Page MenuHomePhabricator

Hardware for cloud db replicas for analytics usage
Closed, ResolvedPublic

Description

Given recent issues with performance and mediawiki refactors on the cloud replicas it is been decided that we will move analytics jobs to a new set of labs replicas.
@Nuria wrongly though analytics had spare hosts we could use ready to be racked but we do not. We however have some budget to buy these hosts if needed. This ticket is to decide how the hardware comes to appear:

  1. does analytics new to order the new hardware for the replicas? If so please let us know
  1. does the SRE/DB team have any hardware we can use? I imagine this is a question for @mark

Event Timeline

as far as I know we don't have any spare hardware, but I am curious too

We have some hardware orders in progress for db-like hosts, we might be able use those if nothing else is available.
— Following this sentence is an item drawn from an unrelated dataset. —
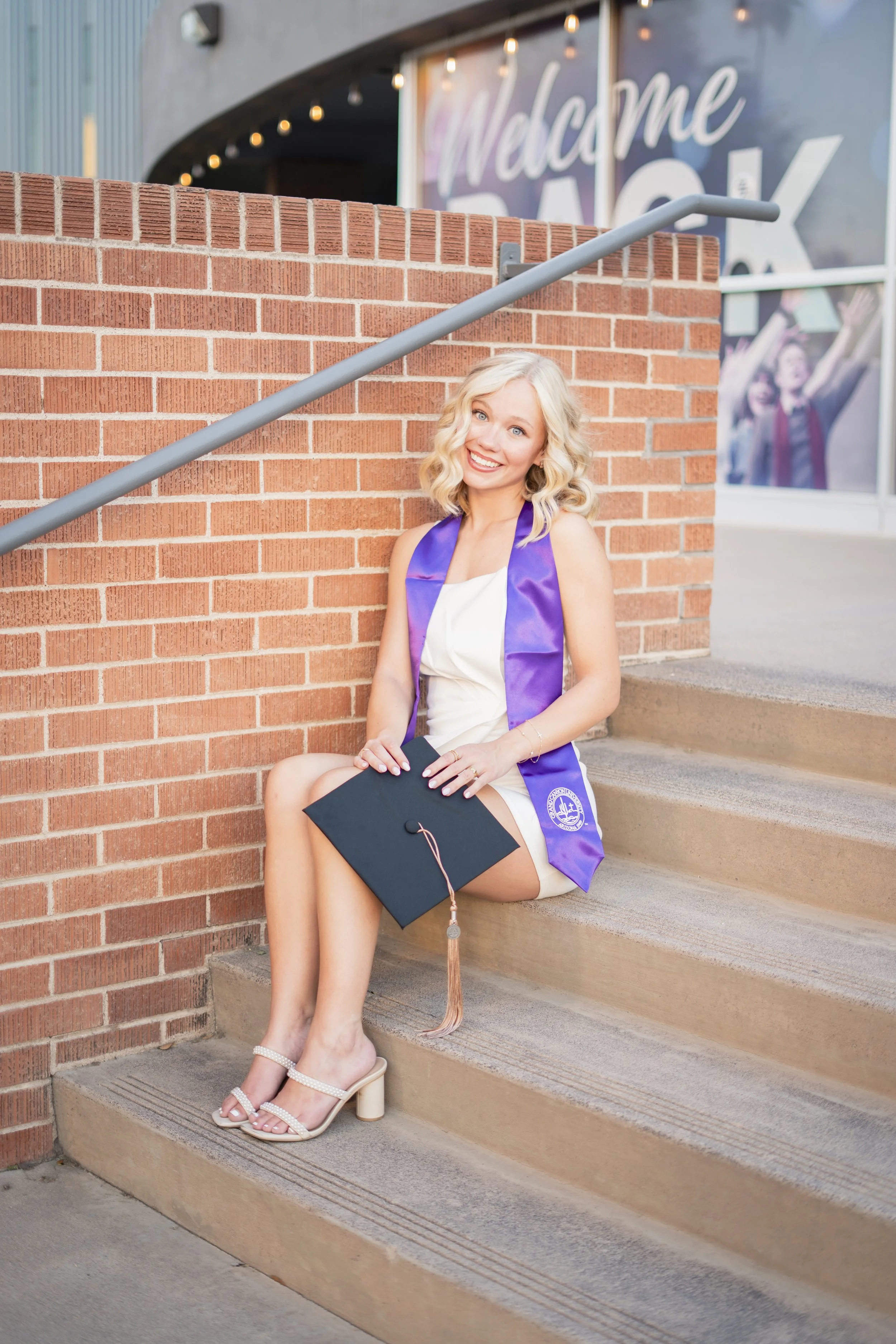 A young woman with blonde, curly hair is sitting on outdoor steps, smiling while holding a graduation cap, wearing a white dress and a purple graduation stole.
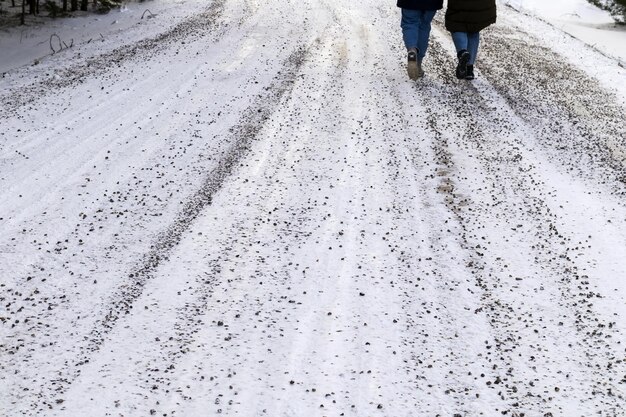 Eine sandige Schotterstraße mit weißem Schnee und Menschenbeinen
We don't have any spare host similar to the labsdb ones.
Those are very specific hardware, as they need to contain all the wikis on the same host, they have lots of disks (16x1.6TB on a RAID10) and 512GB memory T135529

We don't have any spare host similar to the labsdb ones.
Those are very specific hardware, as they need to contain all the wikis on the same host, they have lots of disks (16x1.6TB on a RAID10) and 512GB memory T135529

How many labsdb-like hosts would we need? I checked the cost of them in T135529 and we'd be way out of our budget :(

That is up to you guys to decide :-)
For context: 1 single host can have all the wikis - we have 3 in labs for redundancy and because we separate the service for "quick" and "slow" queries.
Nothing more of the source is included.